Untangling Energy KNOT #105

Resource Hoarding

Meanwhile, the team across the hall is working weekends because they can't hire fast enough. The budget that could solve their problem sits unspent in another department's reserve.

To give and live with honor: no greater profit exists. Valluvar places generosity at the center of a meaningful life. One team is drowning. One team has surplus. They’re in the same organisation. Your departments hoard people and budgets like wartime rations. Each team justifies its allocation as ‘minimum viable.’ Each defends its headcount as ‘barely sufficient.’ Meanwhile, the team across the hall is working weekends because they can’t hire fast enough. The budget that could solve their problem sits unspent in another department’s reserve.

Mondragon is a federation of 95 cooperatives in the Basque Country, employing 80,000 people. I found the research on their resource-sharing model remarkable.

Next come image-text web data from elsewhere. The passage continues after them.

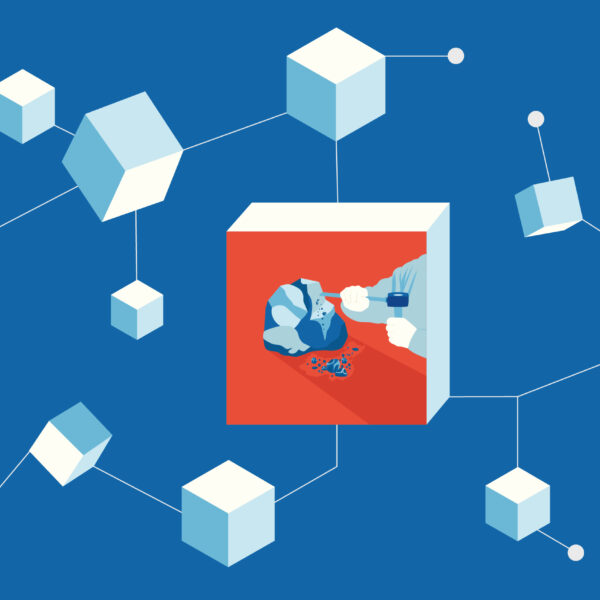 Raoul Wallenberg Institute of Human Rights and Humanitarian Law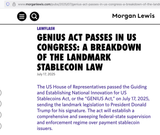 Anorher debt-based, bankrupt Federal Reserve issue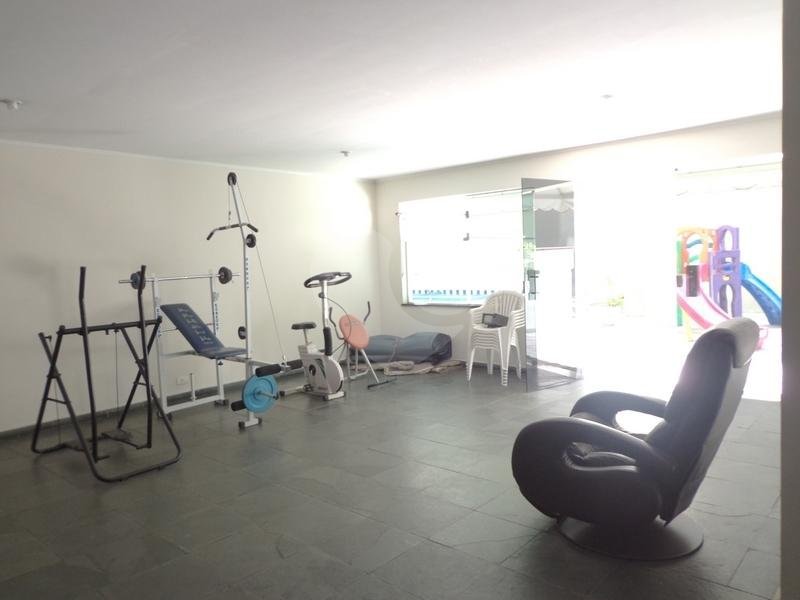 Cobertura Duplex c/241m2 na Saúde - 3 Quartos/1 suite/2 salas/2 vagas paralelas - metrô São Judas.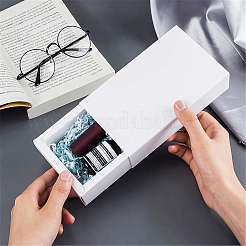 Faltbare Papierkassetten&nbsp;CON-BC0005-97C
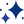 marquee_icon
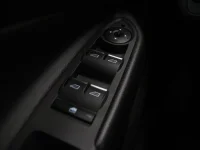Ford Kuga 1.5 110kW thumbnail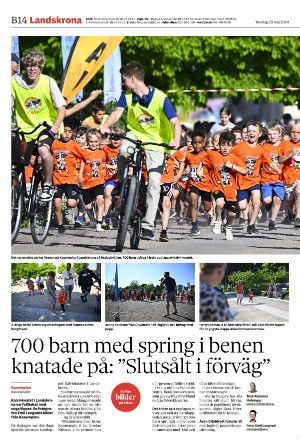 helsingborgsdagblad_b-20240523_000_00_00_014.pdf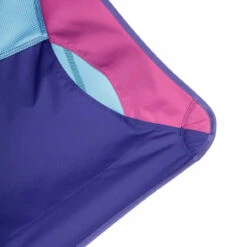 Helinox Beach Chair Faltstuhl 11 Helinox Beach Chair Faltstuhl -Dometic Verkaufs-Shop 8052284 1280x1280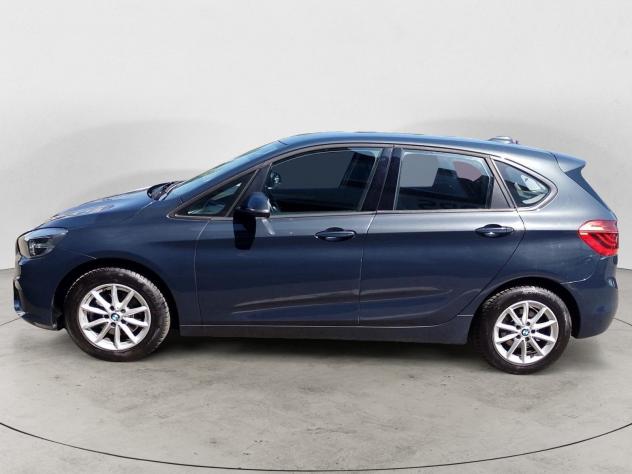 BMW Serie 2 Active Tourer 218i Active Tourer Luxury - Foto 7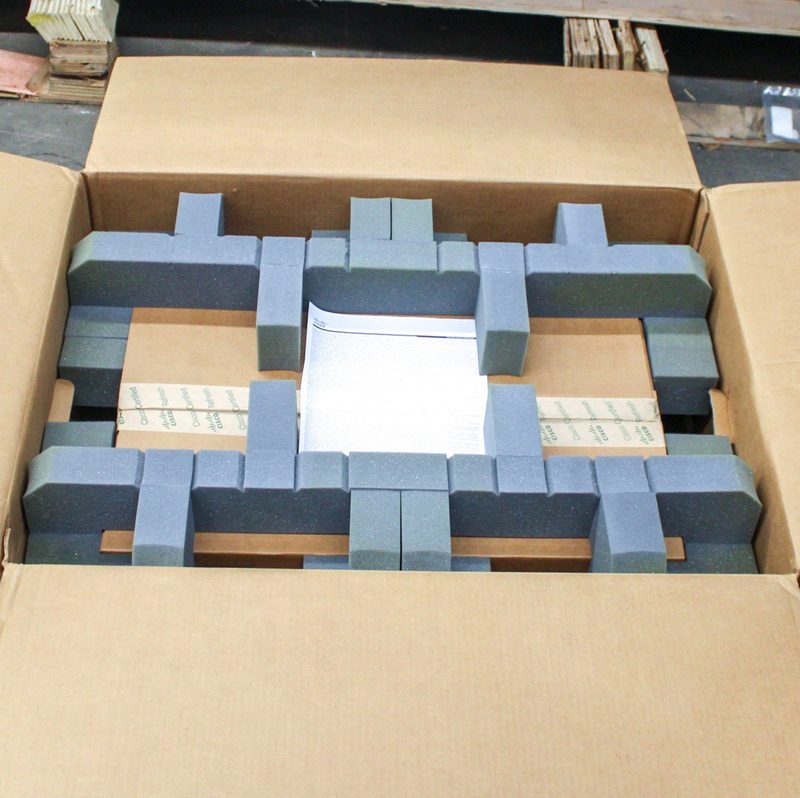 Коммутатор Cisco N7K-F348XP-25-RF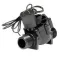 K-rain Pro100 1" KM elektromagnetni ventil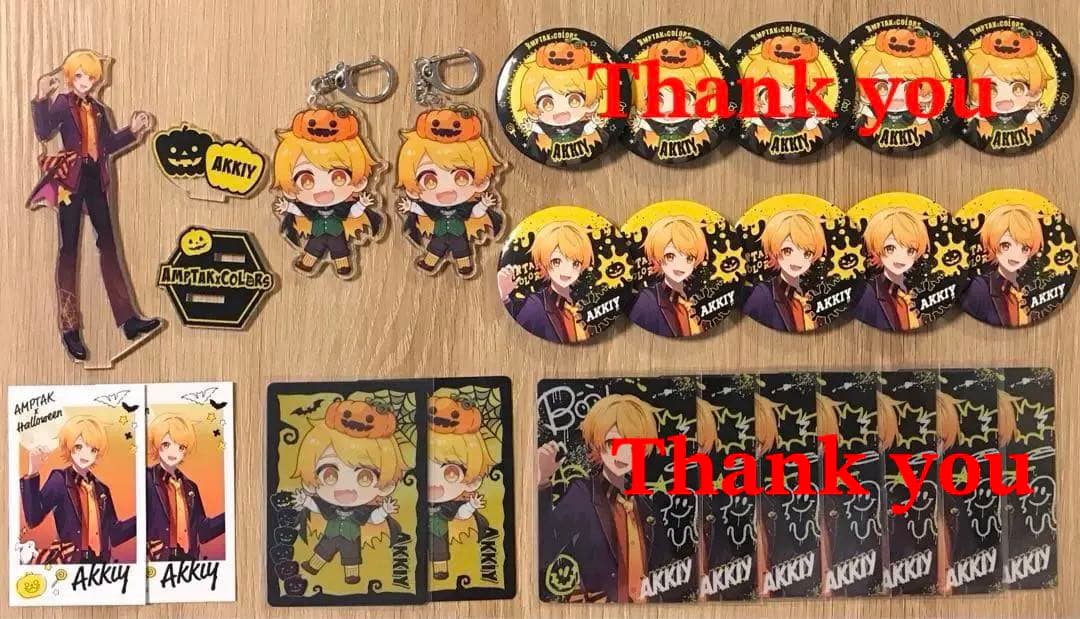 ダンダダン おみくじ ブロッキー 白鳥 愛羅 ジャンプフェスタ ショウワ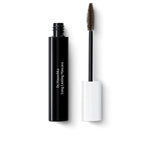 Make-Up Set Dr. Hauschka DR. HAUSCHKA MAKEUP product packaging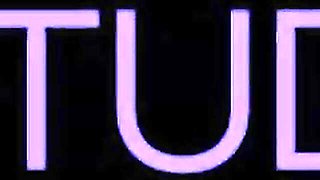 Delicate hustler's brunette smut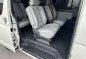 2016 Toyota Hiace  Super Grandia (Leather) 3.0 A/T Monotone in Manila, Metro Manila-16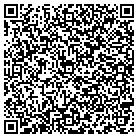 QR code with Wealth Management Group contacts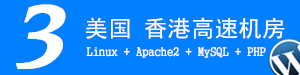 【楟❔몋字坛᲌﹖᲌_噙퍾鱧网】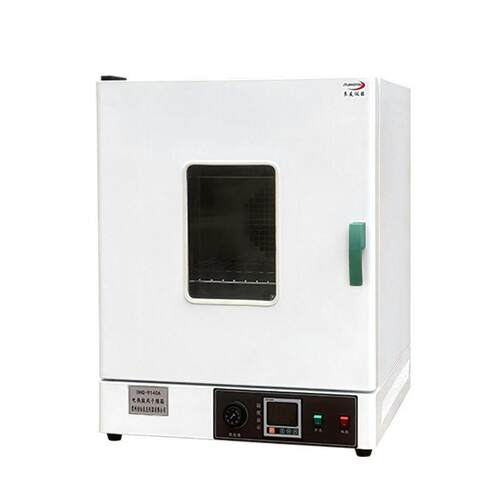 供应DHG-9240A豪华电热鼓风干燥箱 工业恒温箱 实验室鼓风干燥箱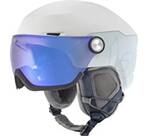 Vorschau: BOLLÉ Herren Helm V-Ryft Pure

When one cooperative struggles, others redistribute profits to support it. During the 2008 financial crisis, Mondragon’s cooperatives voted to take pay cuts rather than lay off workers. Profits are capped: the highest-paid worker cannot earn more than 8 times the lowest-paid. Resource hoarding is impossible not because of rules but because of architecture: the system is designed so that one unit’s surplus is another unit’s lifeline.

Dams create upstream abundance by creating downstream scarcity. In ecology, a dam blocks the natural flow of a river. Upstream, water accumulates. Downstream, the ecosystem loses its water supply. The dam serves its operator while starving the ecosystem below it. Resource hoarding works identically: each department builds dams to protect its allocation. Behind the dam, resources accumulate unused. Downstream, other teams are resource-starved. The organizational river should flow to where it’s most needed. The dams prevent this. And the irony: most hoarded resources sit idle behind the dam, serving nobody.

Identify one resource your team has that another team needs. Lend it for one quarter. If the lending produces more value than the holding, the dam was an illusion. Give. And find that Valluvar was right about profit.

That blocked flow has a name. Resource Hoarding. And once you see it, you can’t unsee it.

Untie The Knot

Uproot

Hoarding was rational because the incentive structure punished sharing. Releasing headcount risked not getting it back. Lending resources received no credit. The system made generosity costly.

Navigate

Resource sharing is tracked and credited. Leaders who lend resources to other teams are recognized for organizational contribution.

Tool

CORE / Legacy: the framework that measures what a leader gives to the broader organisation. Legacy makes generosity visible and rewarded.

Implement

Lend one resource to another team for one quarter. If the lending produces more value than the holding, the dam was an illusion.

Emerge

When sharing is rewarded, resources flow to where they’re needed, organizational efficiency improves, and the dams that starve downstream teams dissolve.